Un tiers de l’énergie produite en Suisse provient de centrales hydroélectriques, ce qui implique plus de mille kilomètres de cours d’eau exploités pour la production d’électricité. Une production qui devrait encore augmenter avec l’arrêt du nucléaire.

En retenant puis relâchant de grandes quantités d’eau, les barrages provoquent de fortes variations, de la hauteur d’eau et de la vitesse du courant, qui emportent dans leurs lames la faune et la flore dont se nourrissent, notamment, les jeunes truites. La rapidité du flux drague également le lit de la rivière en éliminant le gravier auquel devraient s’accrocher les poissons, ne laissant que les grosses pierres dans le fond. Si leur habitat est transformé radicalement et subit des changements brusques et répétés, ils n’arrivent plus à migrer.

Indicateur de la qualité de l’eau
En collaboration avec l’EAWAG, Jean-Marc Ribi, doctorant au laboratoire de constructions hydrauliques (LCH) et professeur à l’école d’ingénieur et d’architecte de Fribourg, a imaginé un moyen de protéger les truites juvéniles. Il a mis au point des niches à installer dans les berges des rivières canalisées.
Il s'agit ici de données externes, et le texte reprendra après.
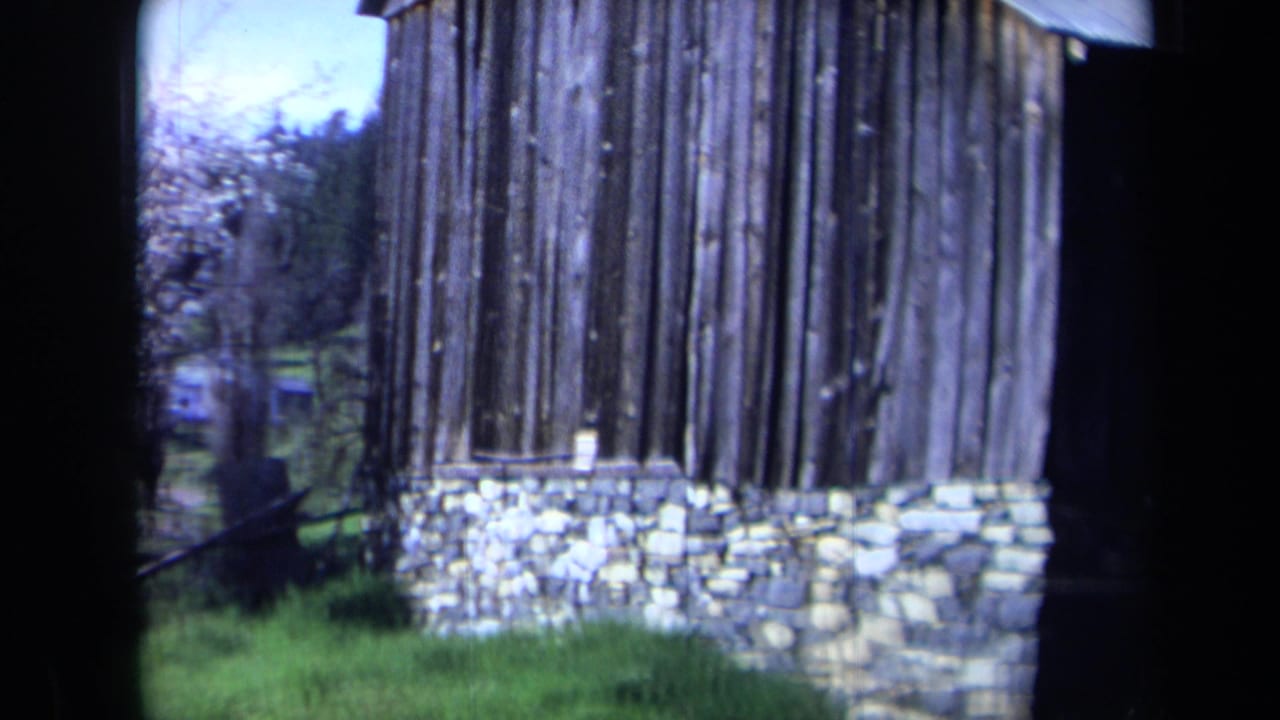 1969 California 8mm frame showing a rustic wooden building with a stone foundation, grass, trees, and dark film-edge framing.
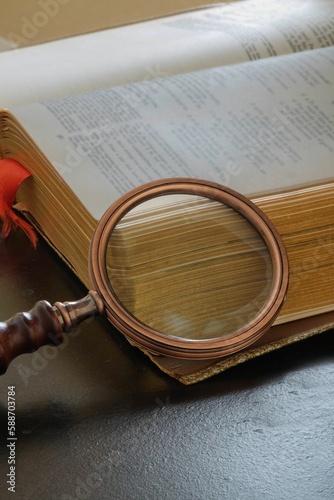 Closeup of an antique magnifying glass rest on an ancient book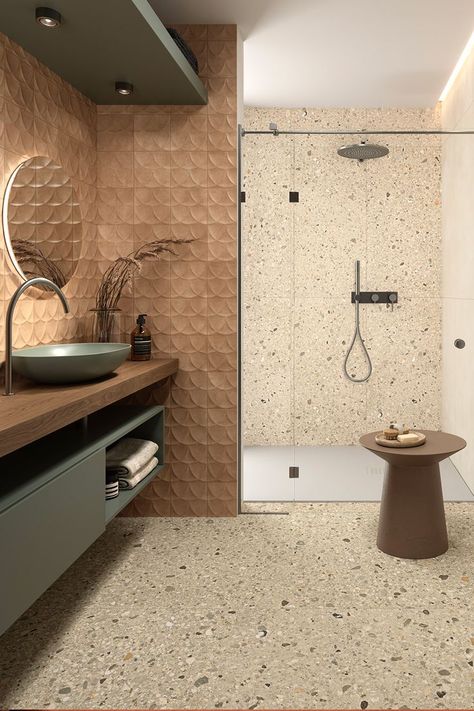 Rich in character and contrast, Arkistyle is a collection by Marca Corona that reinterprets Terrazzo tiles. Its Shade Warm variant flows beautifully both on the bathroom floor and the shower wall. Above the sink, Terracreta Forma Chamotte and its smooth embossment adorn the space with a soft caramel shade and complement the Multiforme Dune Tufo porcelain stoneware reflected on the mirror. Terrazzo Shower Wall, Terrazo Tiles Bathroom, Terrazzo Tiles Bathroom, Terazzo Floor, Bathroom Tiles Combination, Textures Murales, Bathroom Inspiration Modern, Unglazed Porcelain, Terrazzo Tiles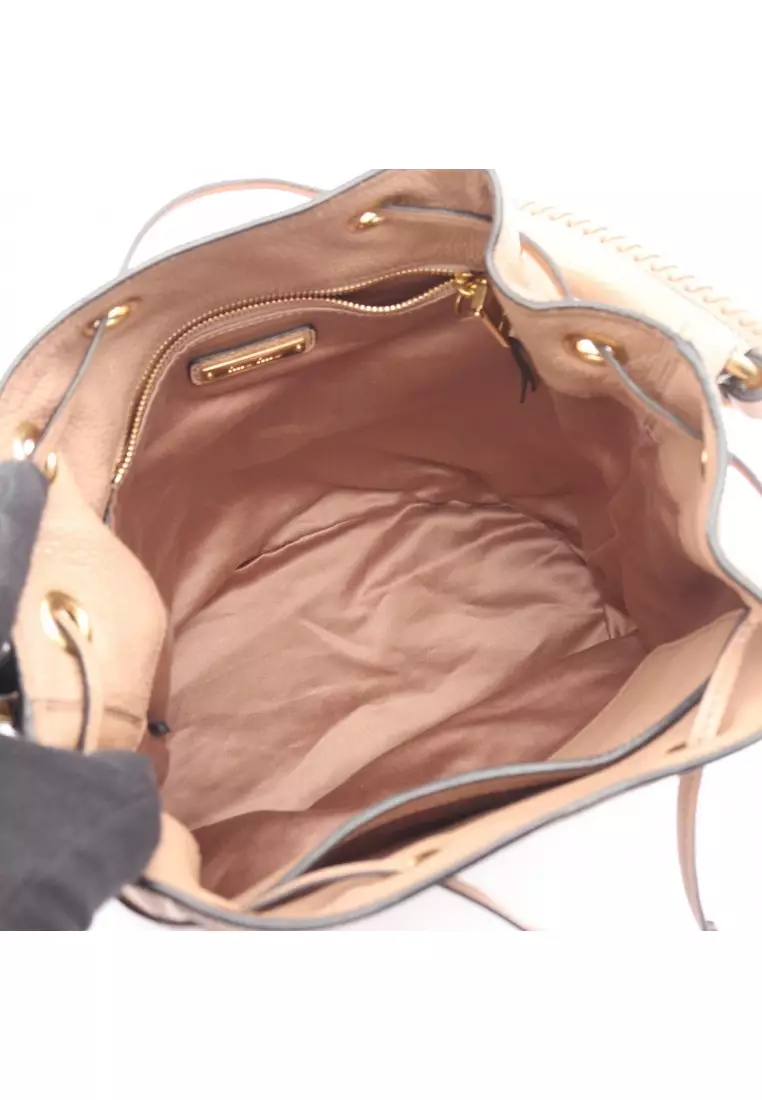 Pre-Loved MIU MIU Handbag leather pink beige 2WAY drawstring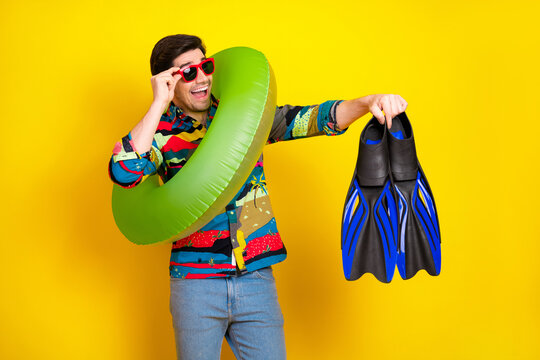 Young man in colorful shirt with green inflatable ring blue fins poses against bright yellow background for summer fashion - Powered by Adobe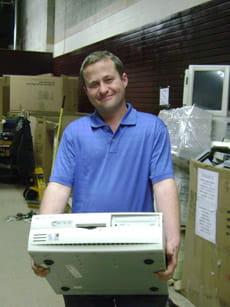 Pat carrying a cardboard box. 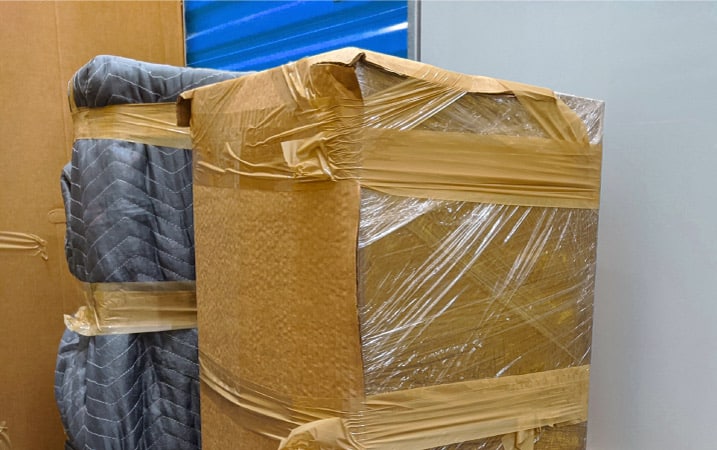 Two pieces of large furniture are wrapped in repurposed cardboard, moving blankets, and plastic wrap to protect them during a move.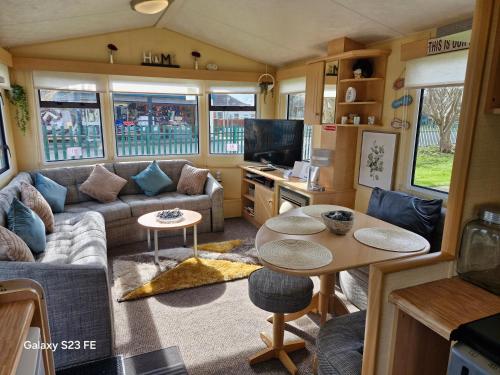 a caravan living room with a couch and a table at 3-Bed Caravan - Sleeps 8 - Pool Onsite - PetsOK in Skegness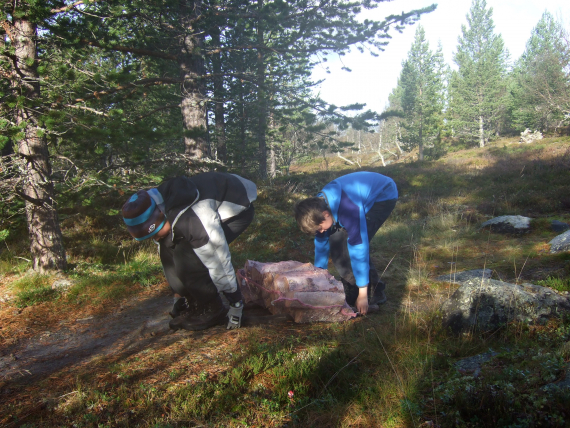 To barn som jobber sammen og løfter en sekk med ved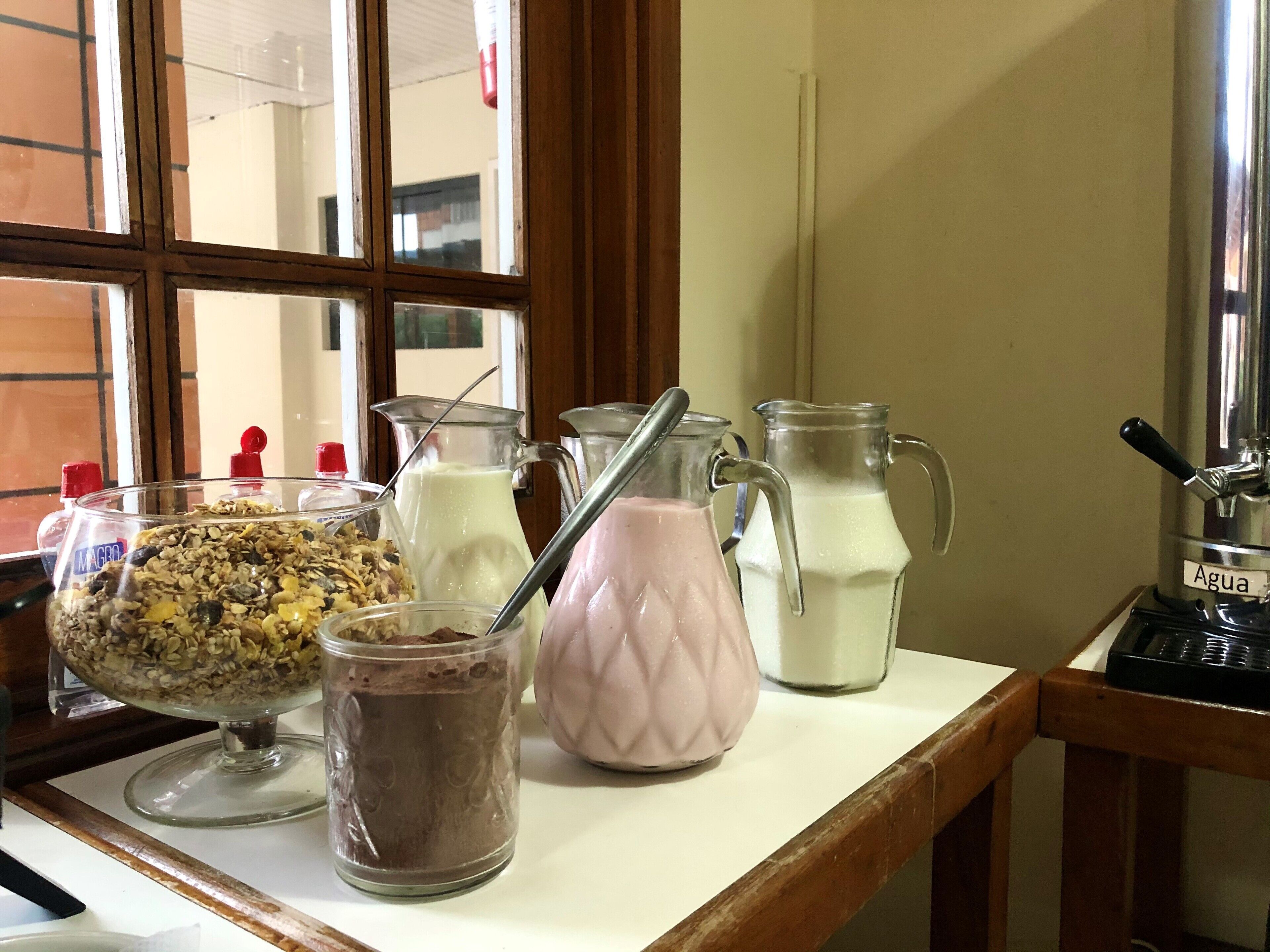 Un buffet pour le petit-déjeuner proposant divers aliments et boissons, notamment un bol de granola, une carafe de lait, un verre de lait au chocolat et une carafe d’eau.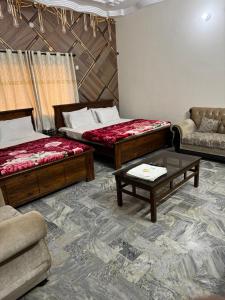 a room with two beds and a couch and a table at AWARI in Guest House in Hyderabad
Il s’agit d’alcôves latérales profondes qui assurent, sur environ 15 mètres de long, la tranquillité de leurs hôtes. Ces refuges, installés en quinconce à l’aval des barrages sur une distance d’1 kilomètre, pourraient sauver une faune menacée. «S’intéresser au bien-être des poissons pourrait paraitre futile, mais le poisson est un précieux indicateur de la qualité des eaux».

Les abris imaginés à l’EPFL éloigneraient également une autre menace : celle de l’échouage. En effet, si les truitelles s’aventurent près des berges elles peuvent, par malchance, être prises au piège d’une eau qui devient subitement peu profonde. Avec les turbinages et les retenues successifs des centrales hydroélectriques, la hauteur d’eau peut varier drastiquement plusieurs fois par jour, au gré des besoins énergétiques. C’est un des points importants sur lesquels doivent se pencher les compagnies hydroélectriques, afin de réduire l’amplitude des fluctuations.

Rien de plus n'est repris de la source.